Лида вся вспыхнула от гнева и смущения и быстро отделилась от спинки кресла, в котором небрежно развалилась.
– Она вас просит узнать об этом? – сказала она, запинаясь от волнения. – Почему это её так интересует?
– Надежду Трофимовну? Мне помнится, вы с ней родные и отчасти подруги.
– Да, да, конечно. Но она могла бы написать мне об этом прямо. Почему она предполагает, что я должна быть особенно откровенна с вами? Это её личная точка зрения, которой я не понимаю, – ядовито заметила Лида, надавив на слове «личная».
– Помилуйте, что ж тут за хитрости! Всякий понимает, что если девушка выходит замуж, то она не станет этого скрывать, а не выходит, тоже скрывать не станет. Разве это какой грех?
– Ну да, я выхожу за Овчинникова, скажите это Наде… что ж из этого – сказал сердито Лида.
– Да из этого выйдет мало хорошего, Лидия Николаевна, – серьёзно сказал Суровцов, пристально глядя на Лиду.

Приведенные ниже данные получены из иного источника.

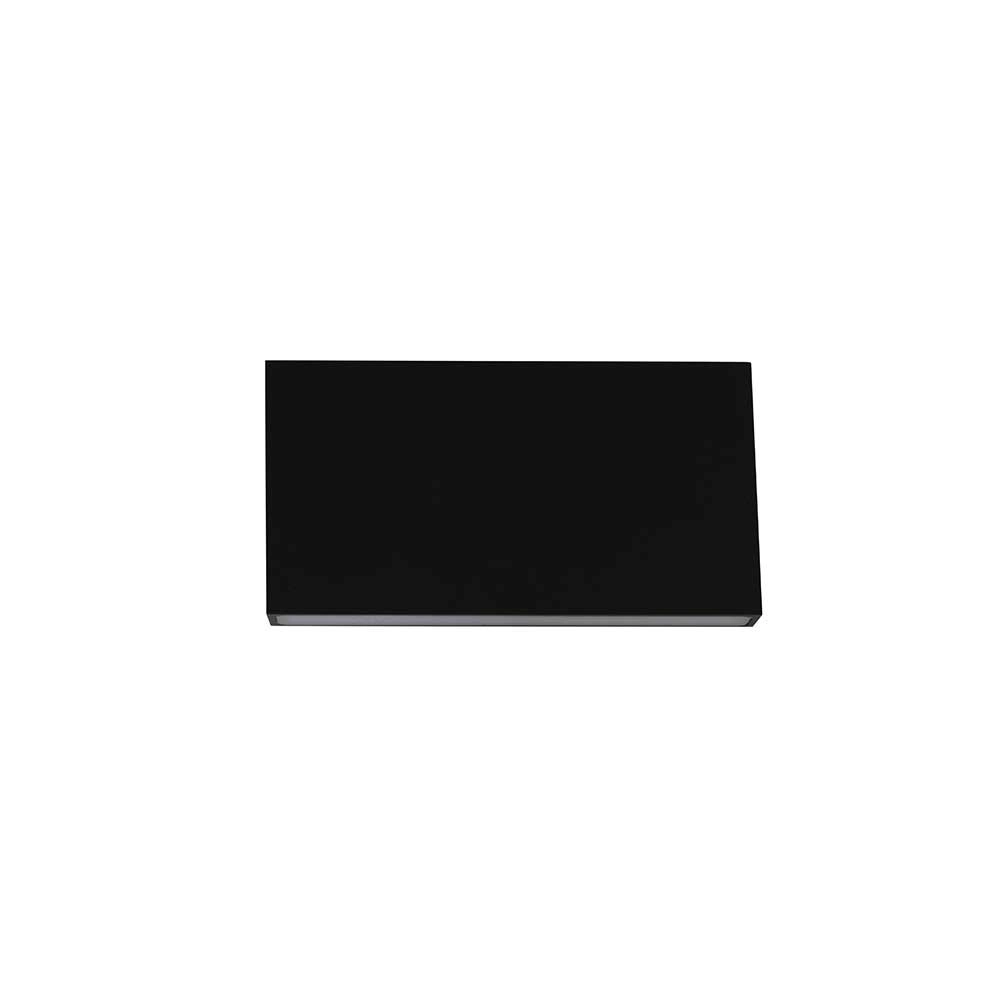 Zwarte muurspot Box 17cm - zwart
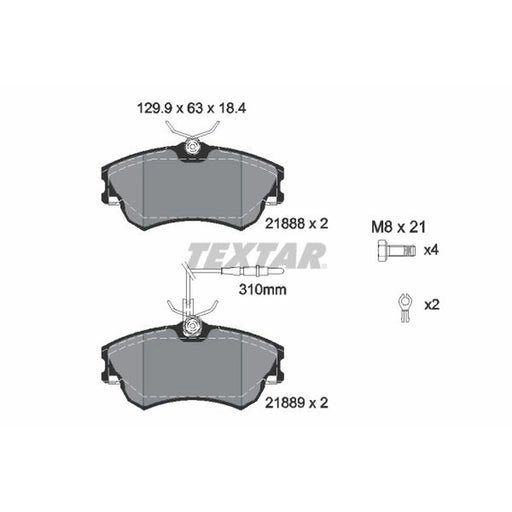 Textar Front Brake Pad Set 2188801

– Вот как! – ответила Лида, усиливаясь насмешливо улыбнуться. – Надя поручила вам настращать меня. Я должна сказать вам, Анатолий Николаевич, что в подобных делах советуюсь только с мамой и не нуждаюсь ни в чьих других советах.
– Да ведь советы сами по себе вреда не принесут, Лидия Николаевна. Самое плохое, что их выслушаешь и махнёшь рукой. А иногда совет может раскрыть глаза на такие вещи, которых мы не подозреваем.
– Мне очень приятно слышать от вас это поучение, – холодно сказала Лида, – но что касается моей личной судьбы, то я желала бы избавить вас от труда заниматься ею. Я вас прошу передать Наде, что я выхожу замуж за Николая Дмитриевича, и если можно, прекратить разговор об этом предмете.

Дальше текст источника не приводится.